Between 1905 and 1910 the idea of the random walk, now a major topic in applied math, was invented simultaneously and independently by multiple people in multiple countries for completely different purposes, from mosquito control to physics to finance to winning a theological argument (really!) I’ll tell some part of this story and also gesture at ways that random walks (or Markov processes, named after the theological arguer) underlie current approaches artificial intelligence, and what this tells us about the capabilities of those systems now and in the future.
About the Niven lectures:
Ivan Niven was a famous number theorist and expositor; his textbooks won numerous awards, have been translated into many languages and are widely used to this day. Niven was born in Vancouver in 1915, earned his Bachelor's and Master's degrees at UBC in 1934 and 1936 and his Ph.D. at the University of Chicago in 1938. He was a faculty member at the University of Oregon from 1947 until his retirement in 1982. The annual Niven Lecture Series, held at UBC since 2005, is funded in part through a generous bequest from Ivan and Betty Niven to the UBC Mathematics Department.

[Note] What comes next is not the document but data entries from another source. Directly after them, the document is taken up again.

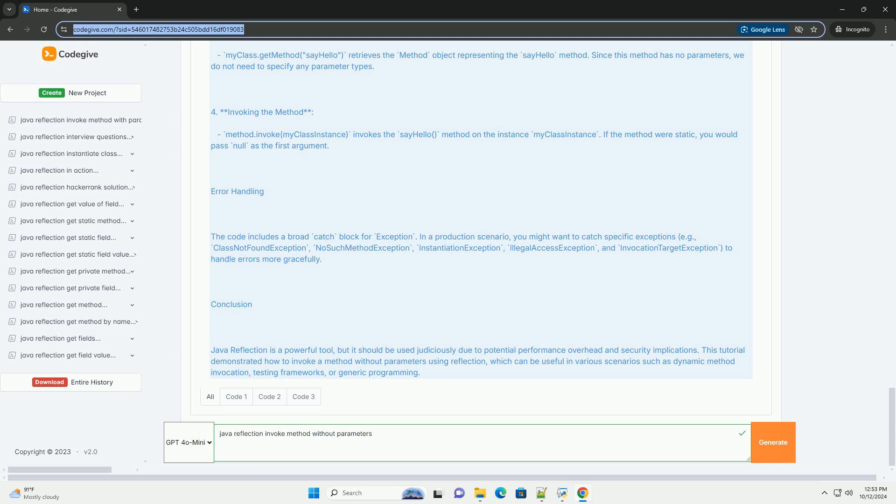Let's consider a simple class named MyClass that contains a method called SayHello, which prints a greeting message.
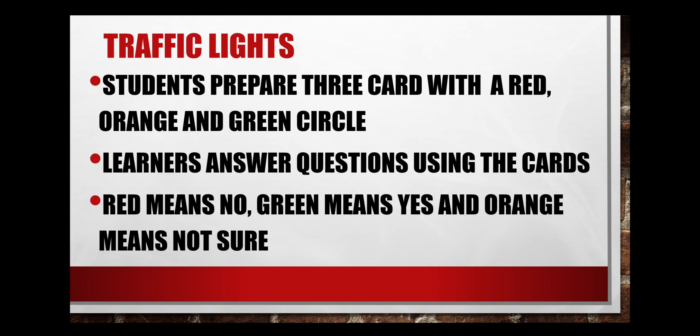Traffic lights. Students prepare three cards with a red, orange and green circle. And then you ask the questions and they answer by using these cards. Red means no, green means yes, and orange means not sure.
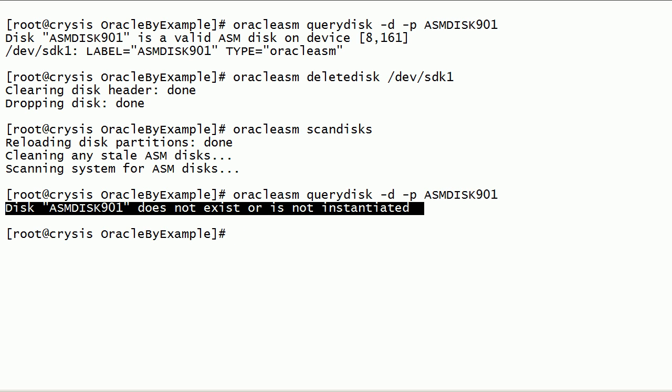As you can see here, ASM disk 901 no longer exists.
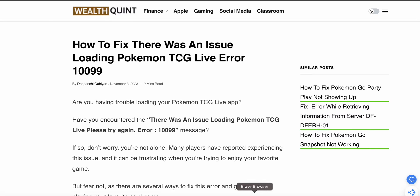So guys, in this video we'll see how to fix 'There Was An Issue Loading Pokemon TCG Live Error 10099'. Are you having trouble loading your Pokemon TCG Live app? Have you encountered 'There was an issue loading Pokemon TCG Live, please try again'? Don't worry, you are not alone. Many players have reported experiencing this issue.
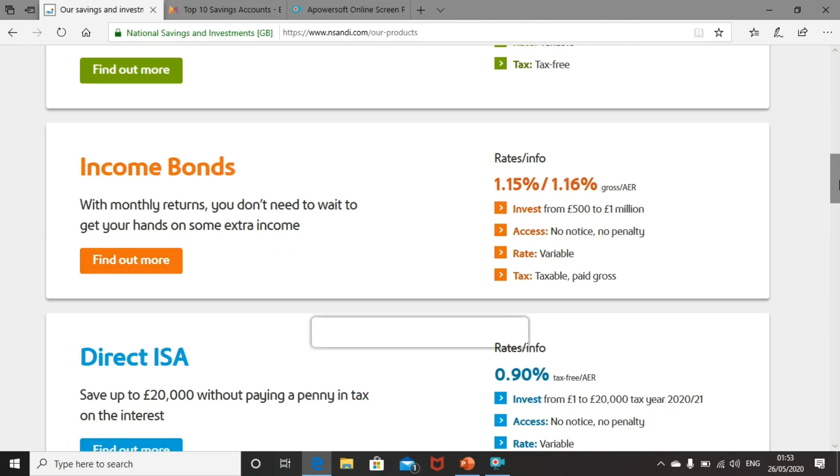Then you have income bonds. Income bonds have a minimum investment of £500 up to £1 million. You can withdraw your funds at any time with no charge. The rate is variable, giving a gross rate of 1.15% or 1.16%. They pay you gross, which means you need to declare this on a tax return and pay tax on the interest that you receive.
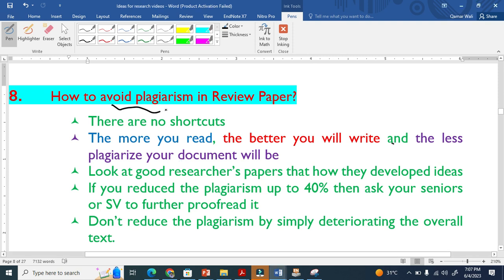How to avoid plagiarism in review paper? It is understood that there must be plagiarism in your review paper because it is based on other researchers' work, other research papers which are already published, which are already online.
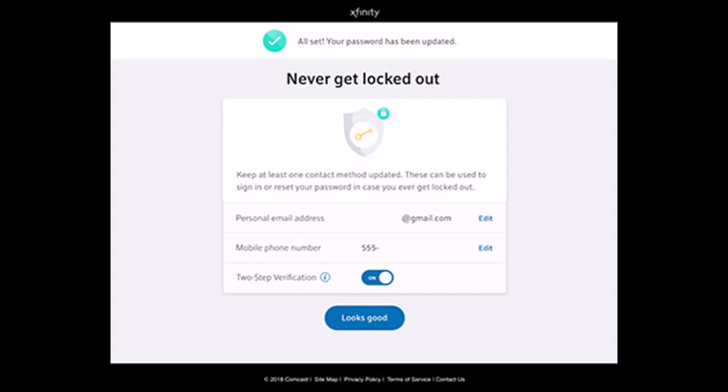That's all it takes to reset your Xfinity Comcast password. We hope the video was really helpful.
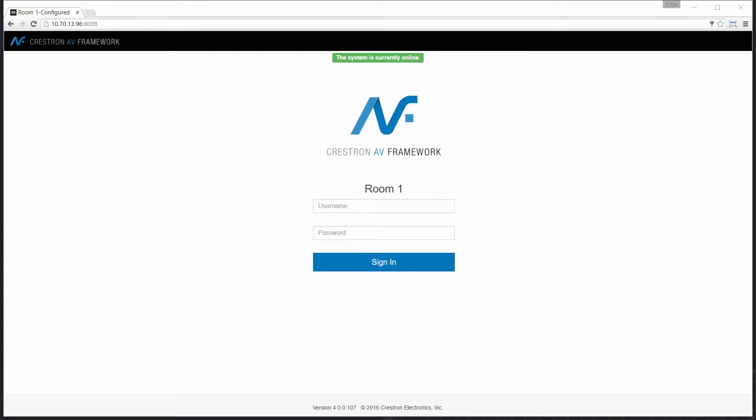Hi and welcome to an AV Framework demonstration. My name is Jason. In the next couple minutes, I want to show you how AV Framework changes the conversation about some traditional topics related to control systems.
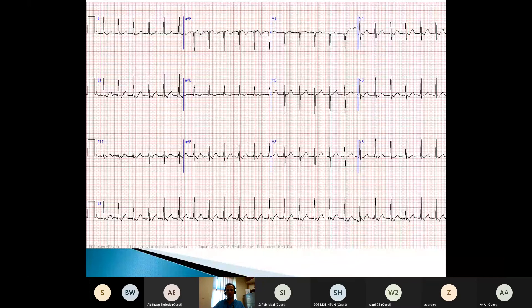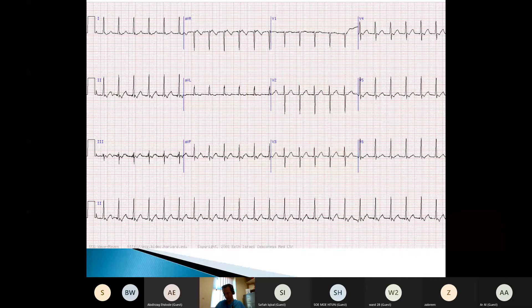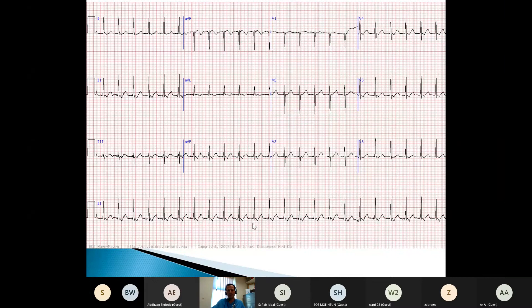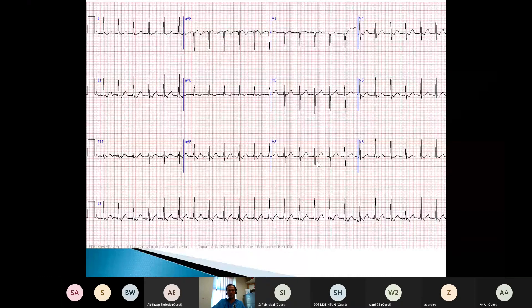So does anybody want to tell me something about this ECG? So a tachycardia — we've got a sinus tachycardia offered. Thank you very much. So it's a tachycardia. And the next thing I want you to tell me is: is it narrow complex or broad complex?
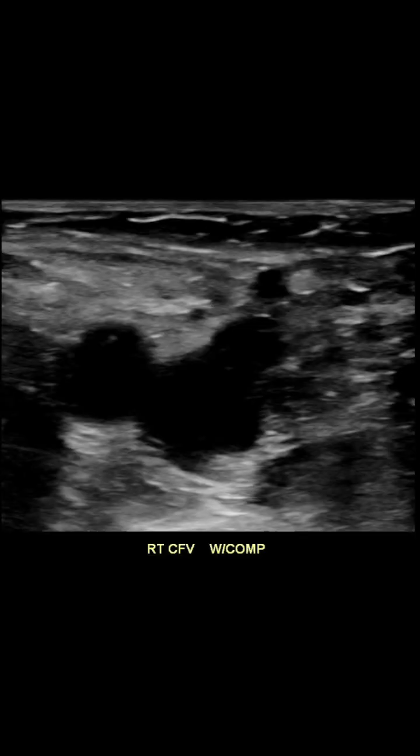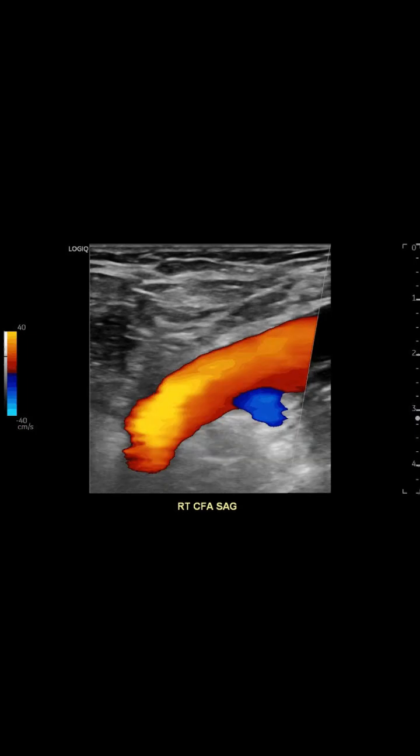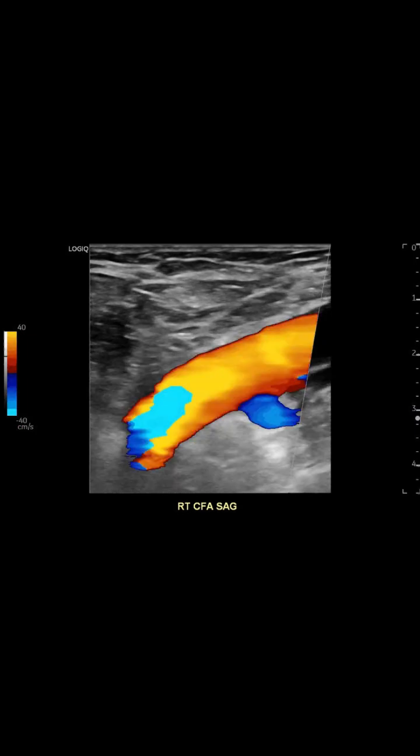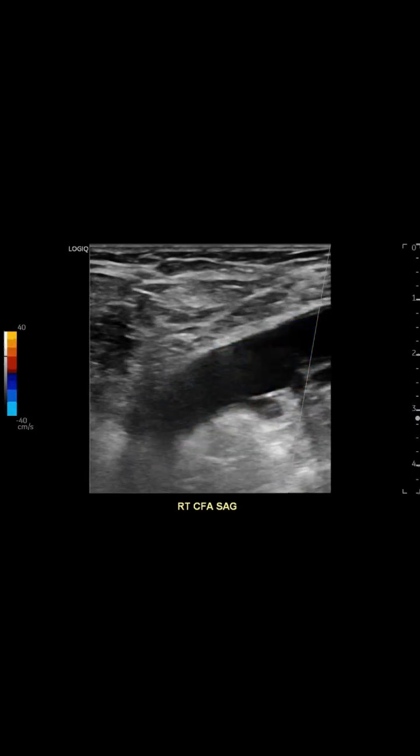the common femoral vein, and the great saphenous vein. Everything looks standard here with no abnormal outpouching. And from a sagittal angle we see a healthy common femoral artery free of any pseudoaneurysm.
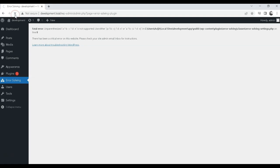After reloading the page, you can see that our problems are resolved. Isn't it great?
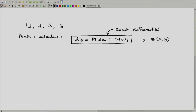And because this is an exact differential, m will represent the partial of z with respect to x at constant y, and n will represent the partial of z with respect to y at constant x.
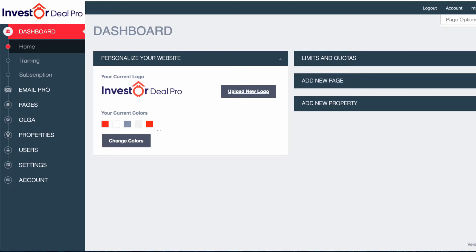In this video, what I'm going to do is show you how to upload your own personal logo and change the colors of your main website.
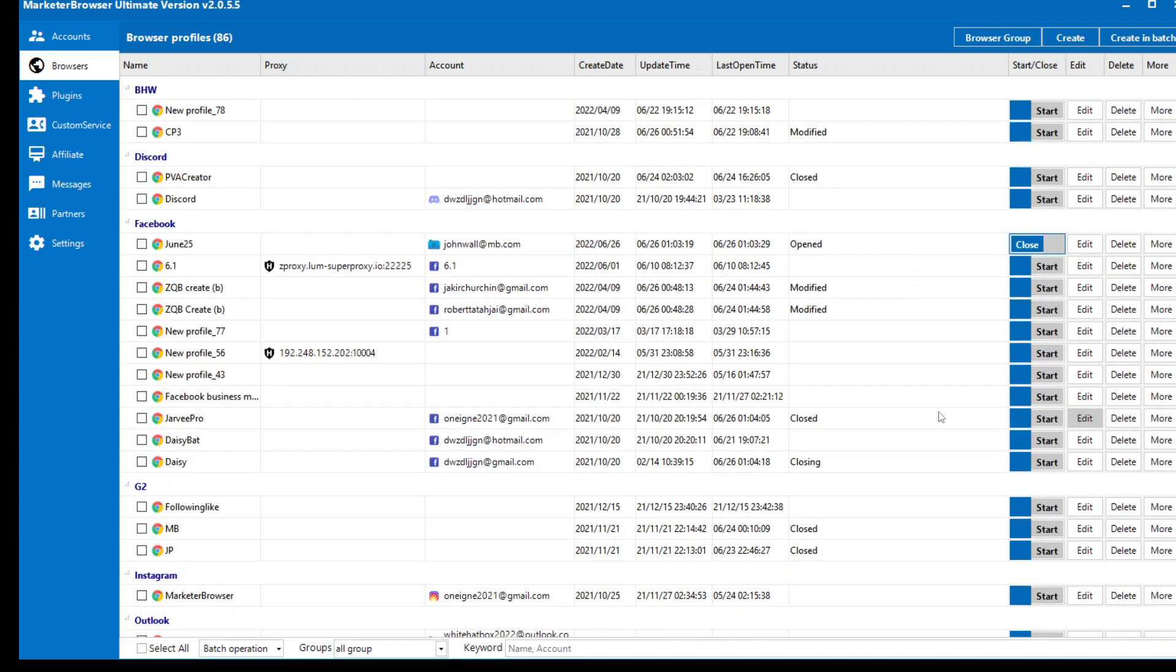Because I unchecked the clear local cache option, when I open it again the cache and my browser history will be there. Browser history will be there. Start, start.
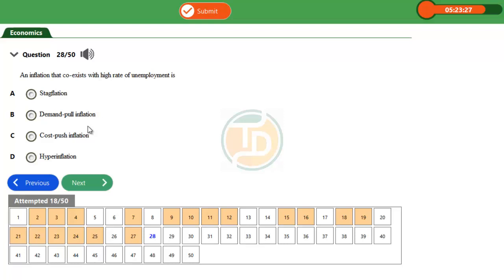Option C talks about cost-push inflation. Cost-push inflation is inflation that occurs as a result of an increase in the cost of inputs in the production process, which brings about an increase in the general price level of goods and services.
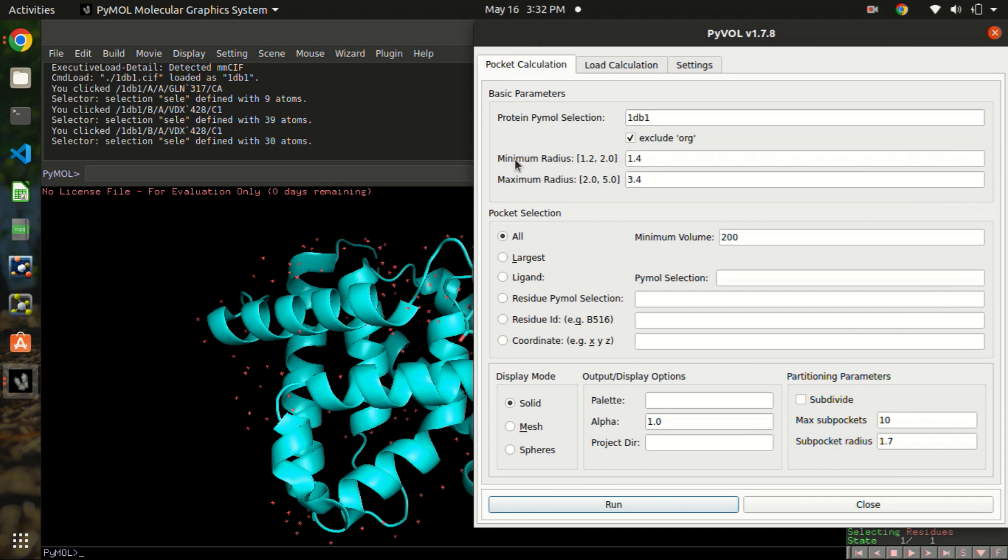Now this is the minimum and the maximum radius. You can always tune these parameters if you don't find the suitable volume or suitable pocket that fits the ligand in.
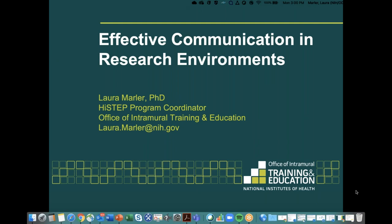Welcome everybody to Effective Communication in Research Environments, part of our summer virtual enrichment program high school series. I'm glad you're here today, even if I can't actually see you. I'm sad we don't get to see you on campus this summer, but I'm glad we get to share some information with you. My name is Laura Marler, I'm a High STEP program coordinator. High STEP is our High School Scientific Training and Enrichment Program — a summer program we would normally be holding now.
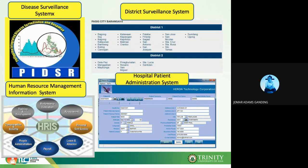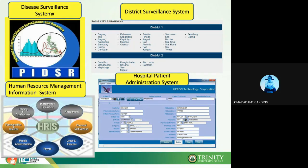We also have the district surveillance system. For example, here in Pasig City, you have all the barangays, and you can just click and see the mortality and morbidity of COVID-19 in that particular area. We also have the hospital patient administration system — a new patient is registered there with their name, address, and all their information, which is then forwarded to other systems. This is the health information exchange — an exchange from the hospital information system going to the PIDSR.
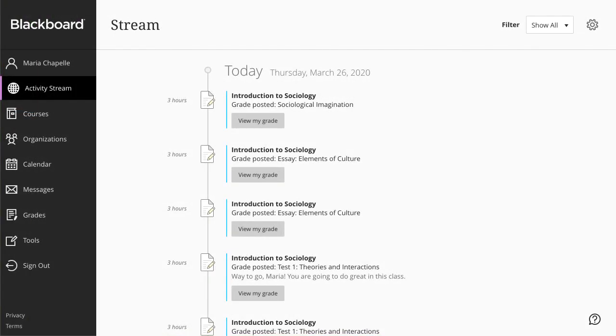And finally, when grades are posted, you'll find them in the activity stream. If your instructor added feedback, you'll see it after the item's title.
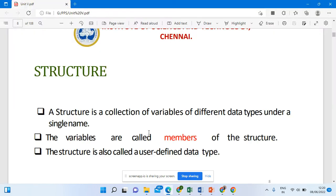Good morning all. Today we are going to see a topic called structure in C programming. Everybody knows what an array is — array is nothing but a collection of similar data types. For example, you can collect integer data types alone or char alone. Whereas if you want to collect the details of a student, such as role number, name, and marks in float, we cannot store that in an array. For that purpose, we go for the structure, where structure is a collection of variables of different data types under a single name.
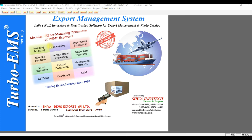costing, marketing, buyer order processing, barcode generation, vendor order processing, production planning control, store inventory, custom documentation which covers pre-shipment and post-shipment, management reports, GST sales, dashboard, and CRM — customer relation management. It has different menus.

About the Hugh C. Morris lectures:
The Hugh C. Morris Lecture Series was generously endowed by Dr. Hugh Morris (1932-2012), former Chair of the PIMS Board of Directors, and long-time friend of the mathematical sciences. Dr. Morris had more than 40 years of experience in the mineral industry, including a term as Chairman and Chief Executive Officer of Imperial Metals, and was a fellow of the Royal Society of Canada. Dr. Morris was a member of NSERC's Council and Chairman of the Board of Directors of the Lithoprobe Project.
Hugh C. Morris Lectures are high profile lectures (aimed either at the broader public, or the scientific community) and take place around the PIMS Network.